Evan Jones, owner and IT chief of interactive production company Stitch Media, located in Toronto and Halifax, Nova Scotia, is also concerned about cloud security. "It's a scary concept when you just hand all of your important company data over to a third party," he says.
Like a growing number of IT managers, both Flax and Jones are beginning to realize that cloud computing doesn't offer companies a free ride when it comes to security . A Gartner report released last year identified concerns about risks in several areas, such as data privacy and integrity and compliance management, that should give pause to anyone thinking about rushing into cloud computing.
"Enterprises, particularly those in regulated industries, need to weigh both the business benefits and risks of cloud computing services," warns Jay Heiser, a Gartner analyst.
One of cloud computing's biggest risks arises from its very nature: It allows data to be sent and stored just about anywhere -- even divided among locations around the world. While data dispersion helps give cloud computing a cost and performance edge, the downside is that business information can land in storage systems in locales where privacy laws are loose or even nonexistent.

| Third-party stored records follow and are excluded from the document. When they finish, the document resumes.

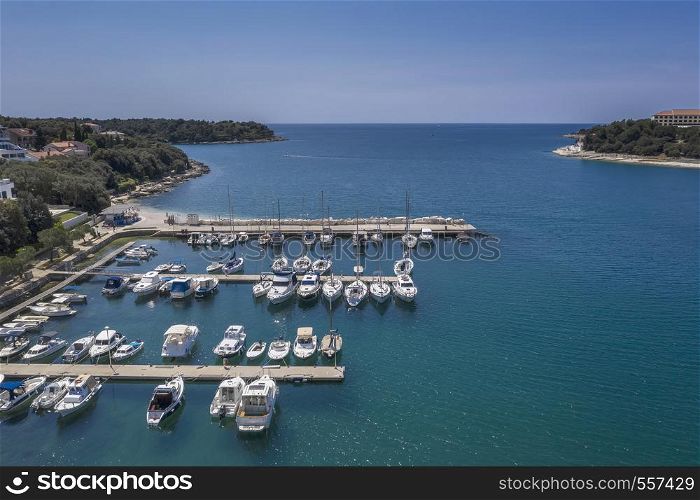 Aerial shot of marina in Pjescana Uvala and Verudela resort in Pula, Croatia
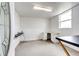 A well lit and spacious office with white walls, a desk, and a window at 73 N Dutch Valley Rd, Bennett, CO 80102
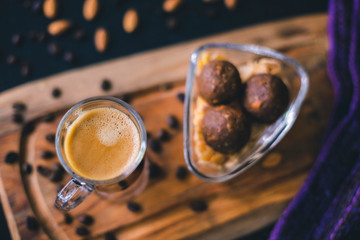 Chocolate peanuts balls with almonds, coffee grains and a cup of coffee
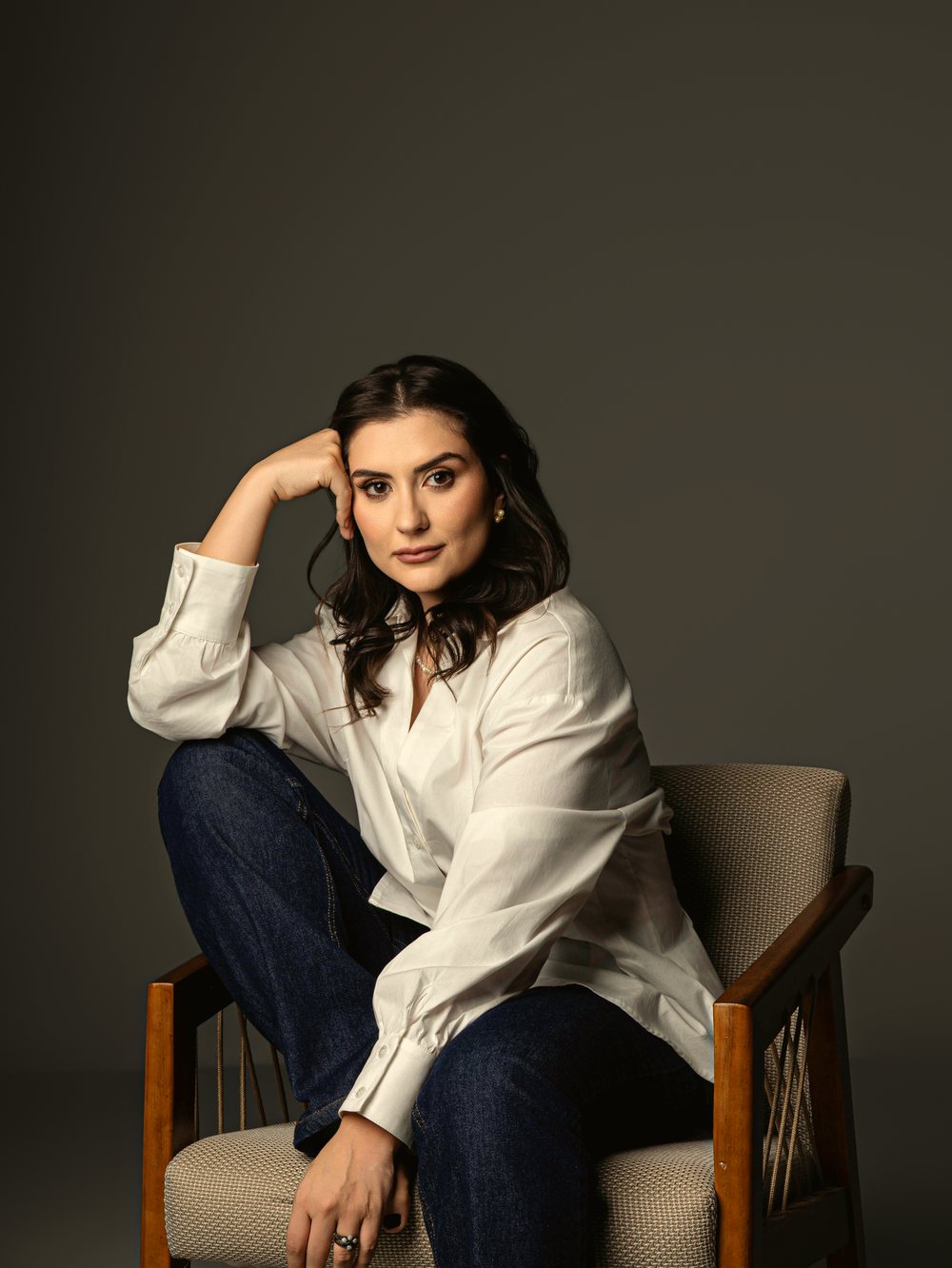 Dra. Marcella Pagnano Bocchi sentada em uma cadeira de madeira, sorrindo, retrato de luz natural
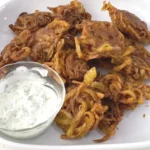 Golden brown Crispy Onion Bhaji or onion fritters, deep fried in a wok or big pan with this easy recipe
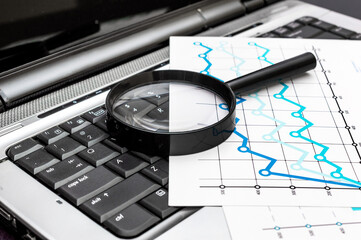 Magnifying glass with financial graphs on the laptop keyboard. Business concept.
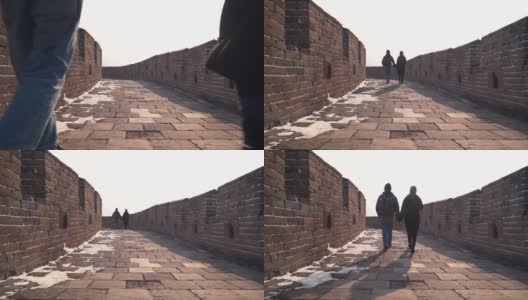 一对夫妇一起探索中国的长城，低镜头在宽阔的通道的石头路面上。冬天，游客们手牵手下来，欣赏空荡荡的慕田峪景区高清在线视频素材下载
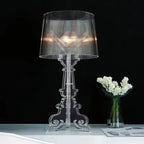 Baroque-inspired table lamp with ribbed shade and ornate scroll base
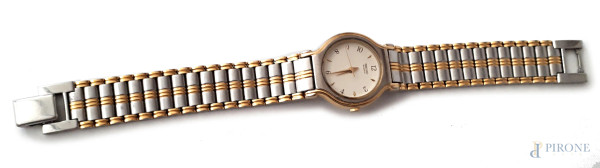 Seiko, orologio da polso vintage da donna, bracciale in acciaio cromato e dorato e quadrante tondo.
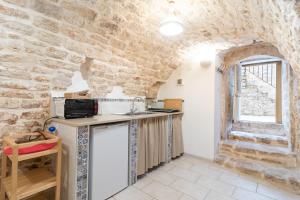 une cuisine avec un comptoir et un mur en pierre dans l'établissement Dimora Marter, city center, à Conversano 19 autres photos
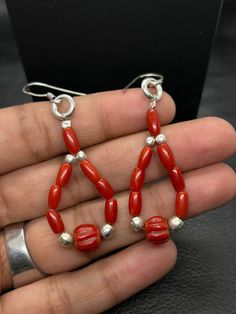 Beautiful Coral Dangle & Drop Silver Earrings-Red Coral Silver Earring-Italian Drum And Melon Shape Beads Earring For Women Best Jewellery   About Item :- Materiel: German  Silver Shape :- Melon & Tube  Stone : Natural Red Cora Earring Length:- 62MM Earring Width:- 20 MM Earring Depth :- 6MM Earring Weight:- 32 Carat  Approx. Payment policy We accept the payment via PayPal only. Shipping policy We Ship the item as per our shipping policy once we receive the payment. We understand that getting your items quickly is important to you, so we make every effort to process your orders quickly. Return policy We accept the return within 30 days and item should be return in original condition without any damage and broken. We are continuously adding new products in our shop. So keep coming back to s Artisan Earrings With Polished Beads For Gift, Artisan Polished Beads Earrings As Gift, Artisan Red Teardrop Earrings, Artisan Polished Beads Earrings For Gift, Elegant Dangle Beaded Earrings With Polished Beads, Elegant Dangle Earrings With Polished Beads, Elegant Polished Beads Dangle Earrings, Elegant Polished Beaded Dangle Earrings, Sterling Silver Earrings With Polished Beads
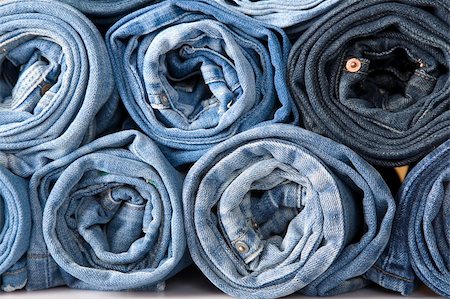 simsearch:400-04473469,k - roll blue denim jeans arranged in stack Stock Photo - Budget Royalty-Free & Subscription, Code: 400-04303741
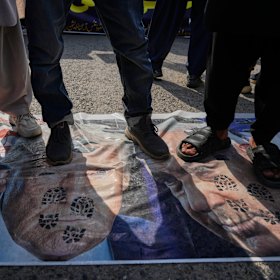 يقف المسلمون الشيعة فوق تمثيل لعلمي الولايات المتحدة وإسرائيل مع صور للرئيس دونالد ترامب ورئيس الوزراء بنيامين نتنياهو.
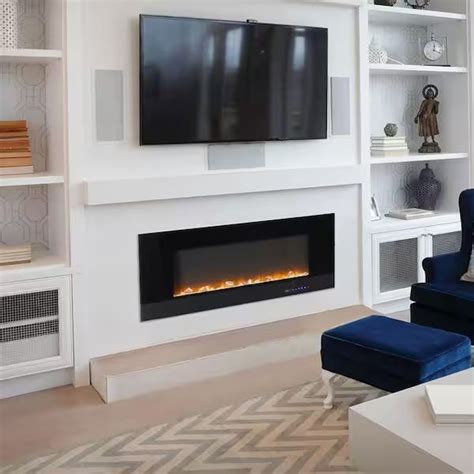 A Living Room With A Large Television Mounted On The Wall And A Fire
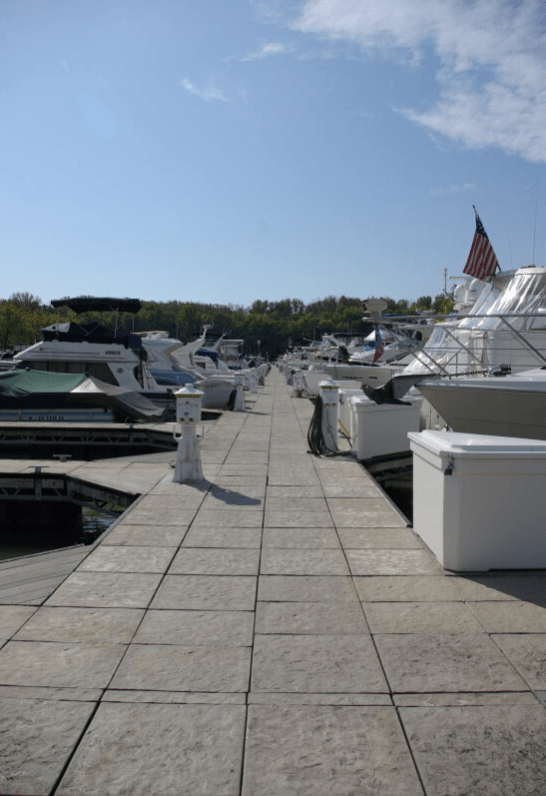 the dock at the marina is full of boats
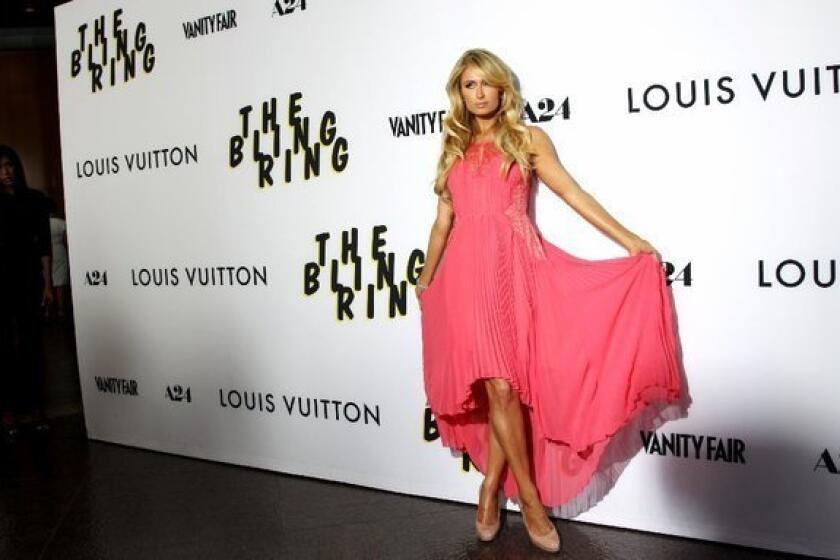 Paris Hilton arrives at the L.A. premiere of "The Bling Ring" at the Directors Guild of America.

Flax, who is using Salesforce.com's Force.com platform to automate Cowen's global sales systems, says the best way to ensure that data steers clear of risky destinations is to work with a cloud vendor that is a public company and is therefore required by law to disclose how it manages information.
Salesforce.com is publicly traded, and "as a result, we have a sense of comfort that there are strict processes and guidelines around the management of their data centers," Flax says. "We know our data is in the US, and we have a report on the very data centers that we're talking about."
Agora Games, a company that builds Web communities for video game players, currently has no say on the matter of where its cloud computing provider, Terremark Worldwide, hosts its data and applications. But that will be changing in the near future, says Brian Corrigan, Agora's chief technology officer.